La sécheresse affectait auparavant tous les aspects de la vie quotidienne. Les femmes passaient des heures à aller chercher de l’eau, le bétail périssait pendant les pires périodes de sécheresse, les réserves alimentaires s’épuisaient. Les familles avaient souvent recours à la production de charbon de bois pour survivre, une stratégie qui mettait à rude épreuve tant l’environnement que le bien-être des ménages.

Aujourd’hui, grâce aux infrastructures soutenues par la Banque et aux versements rapides des indemnités d’assurance, les agriculteurs irriguent de nouvelles parcelles de terre, le bétail dispose de points d’eau fiables et les enfants peuvent rester à l’école au lieu de parcourir de longues distances pour aller chercher de l’eau.

Une habitante de Magude s’approvisionne en eau à une borne-fontaine nouvellement installée.

Impact en chiffres

En octobre 2025, 6 728 personnes à Magude avaient bénéficié d’un meilleur accès à l’eau, dont 2 561 femmes. Environ 8 797 têtes de bétail ont bénéficié d’un meilleur accès à l’eau, et 1 045 ménages ont reçu une aide alimentaire pendant les périodes de sécheresse. La réponse à la sécheresse a été financée par un versement automatique d’indemnité d’assurance de 1,89 million de dollars de la part de l’African Risk Capacity, partenaire de l’ADRiFi. Ce versement s’inscrivait dans le cadre d’un décaissement de 60 millions de dollars effectué par l’African Risk Capacity à la suite du phénomène El Niño, au profit de plusieurs pays d’Afrique australe, dont le Mozambique, le Malawi, la Zambie et le Zimbabwe.

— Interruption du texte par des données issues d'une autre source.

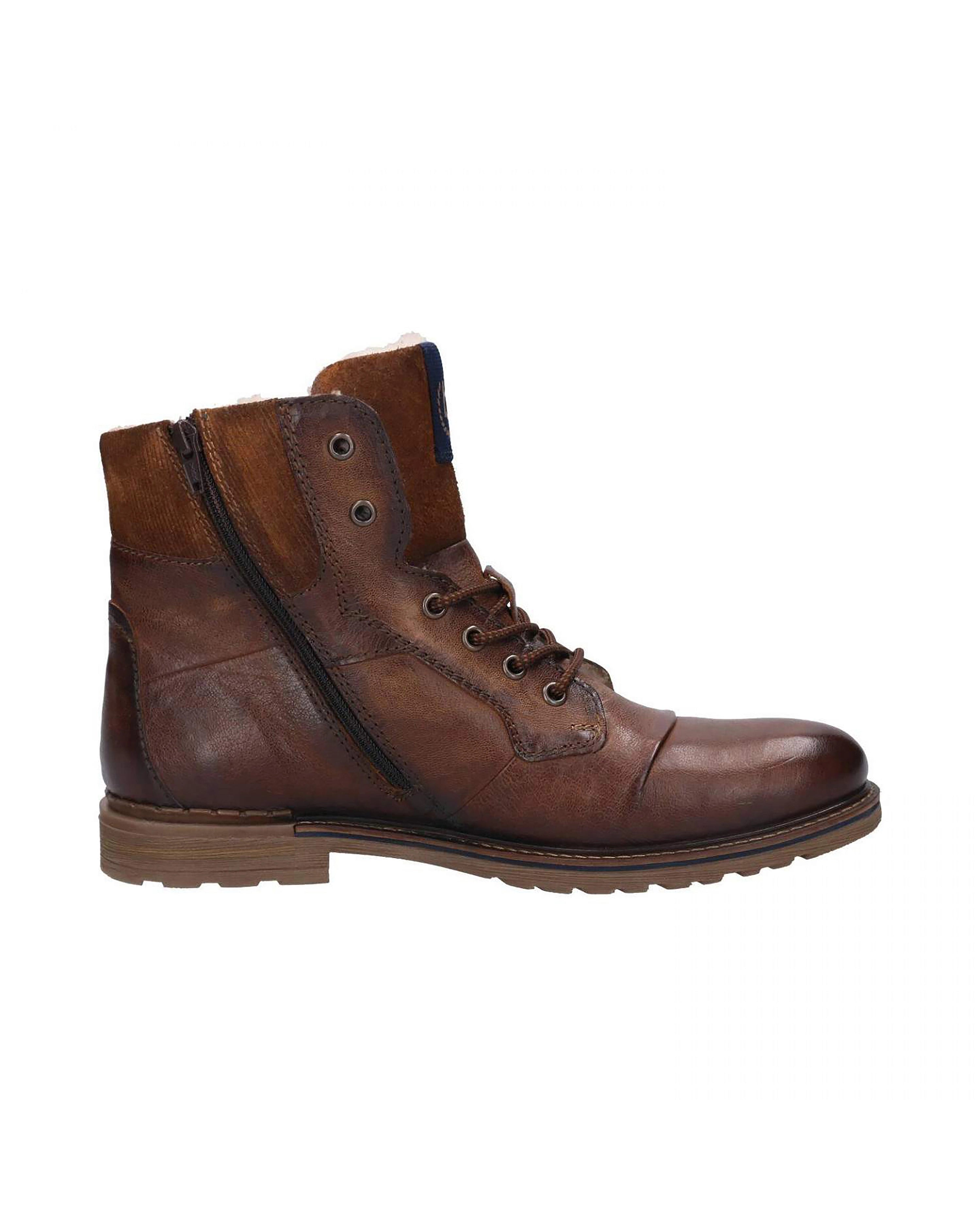 Brown bugatti leather boots with laces and zipper, side view, timeless design.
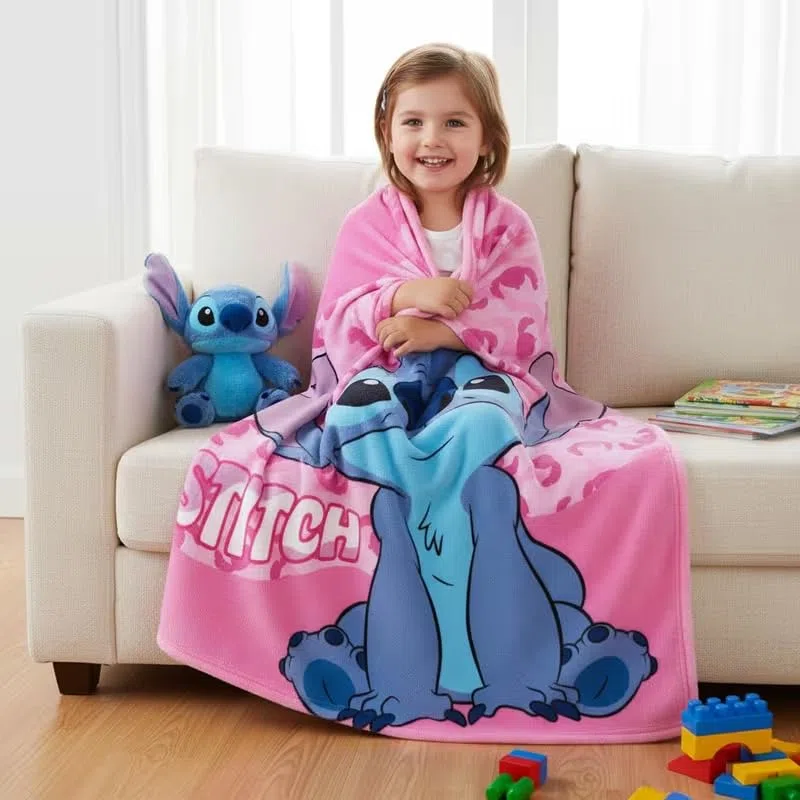 ILS I LOVE SHOPPING Coperta Plaid Morbida e Calda 100x140cm per Bambini Pile con stampa (LILO & STITCH)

Un investissement national dans la résilience

L’histoire de Magude s’inscrit dans une stratégie nationale de résilience plus large qui combine assurance climatique, soutien au niveau communautaire et intervention d’urgence rapide. En octobre 2025, la Banque africaine de développement et le gouvernement du Mozambique ont co-organisé le Forum sur le financement des risques climatiques et de catastrophes (CDRFI) à Maputo, où l’expérience de Magude a été présentée aux ministres des Finances, aux responsables d’agences nationales de gestion des catastrophes, aux partenaires donateurs souverains et aux hauts responsables de l’African Risk Capacity (ARC).

Renforcer la résilience climatique de l’Afrique

Au Mozambique, le Groupe de la Banque africaine de développement met en œuvre deux de ses Quatre points cardinaux par le biais du Programme de financement des risques de catastrophe en Afrique : l’amélioration de l’accès au capital, la réforme et la consolidation des institutions et systèmes financiers. Le Groupe de la Banque améliore l’accès au capital en finançant les primes d’assurance climatique du gouvernement auprès de l’African Risk Capacity, ouvrant ainsi les marchés de l’assurance contre les risques climatiques à un pays qui, sans cela, n’aurait pas les moyens de s’assurer. Il réforme les systèmes financiers en remplaçant les appels aux dons post-catastrophes, souvent lents, par des contrats paramétriques qui déclenchent le versement des indemnités dans les semaines suivant la survenue d’un événement déclencheur.

En collaborant avec l’Institut national de gestion des catastrophes (INGD) du Mozambique, le Groupe de la Banque a démontré que la résilience climatique ne se construit pas seulement grâce aux infrastructures, mais aussi en redonnant espoir, dignité et opportunités aux communautés en première ligne face aux changements climatiques.